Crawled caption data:

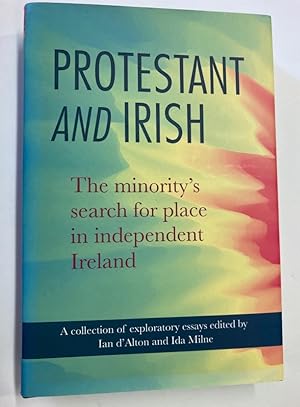 Protestant and Irish. The Minority's Search for Place in Independent Ireland.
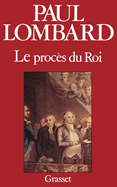 Le proc?s de Louis XVI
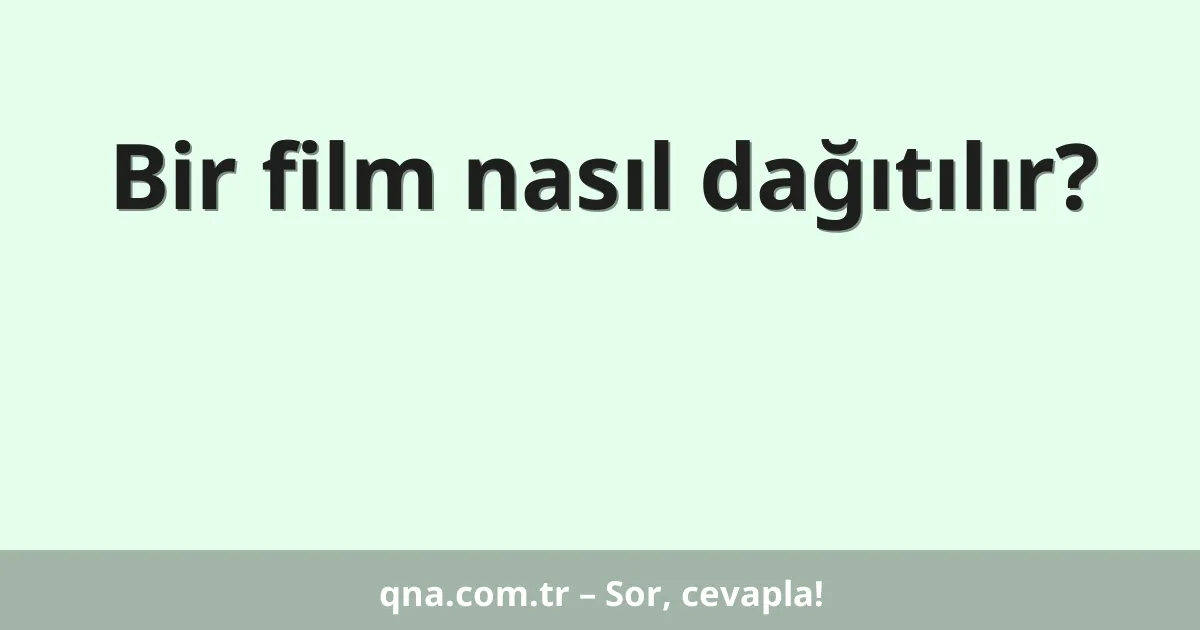 Bir film nasıl dağıtılır?
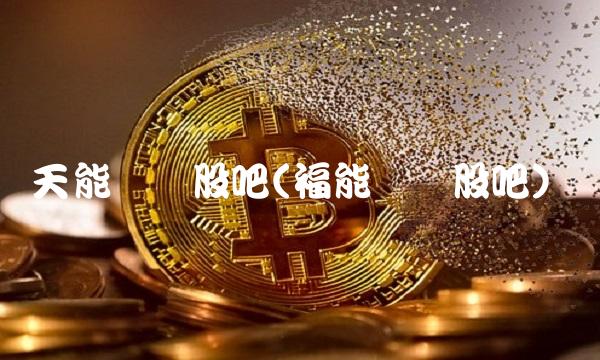 天能转债股吧(福能转债股吧)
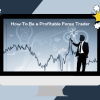 How To Be a Profitable Forex Trader By Corey Halliday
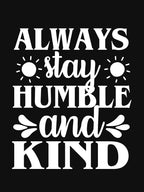 Always Stay Humble And Kind Shirt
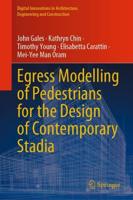 Egress Modelling of Pedestrians for the Design of Contemporary Stadia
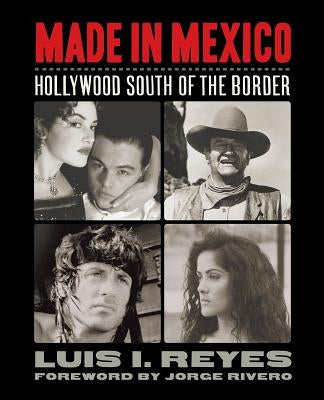 Made in Mexico: Hollywood South of the Border by Reyes, Luis I.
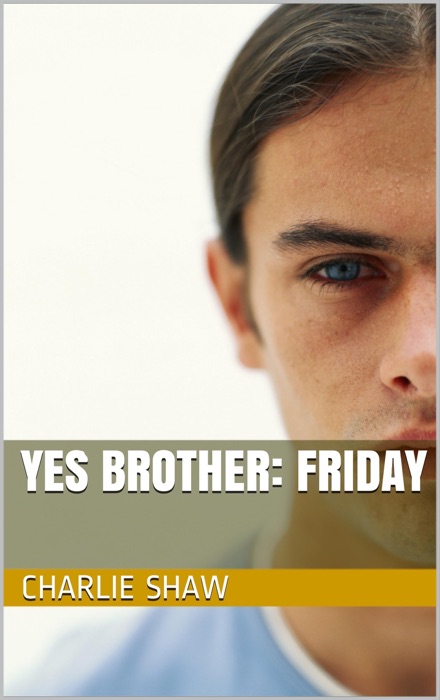 Yes Brother: Friday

Assignment => Output every entry verbatim. Pictures do not belong in the copy.

Answer to the exercise =>
 Protestant and Irish. The Minority's Search for Place in Independent Ireland.
 Le proc?s de Louis XVI
 Bir film nasıl dağıtılır?
 天能转债股吧(福能转债股吧)
 How To Be a Profitable Forex Trader By Corey Halliday
 Always Stay Humble And Kind Shirt
 Egress Modelling of Pedestrians for the Design of Contemporary Stadia
 Made in Mexico: Hollywood South of the Border by Reyes, Luis I.
 Yes Brother: Friday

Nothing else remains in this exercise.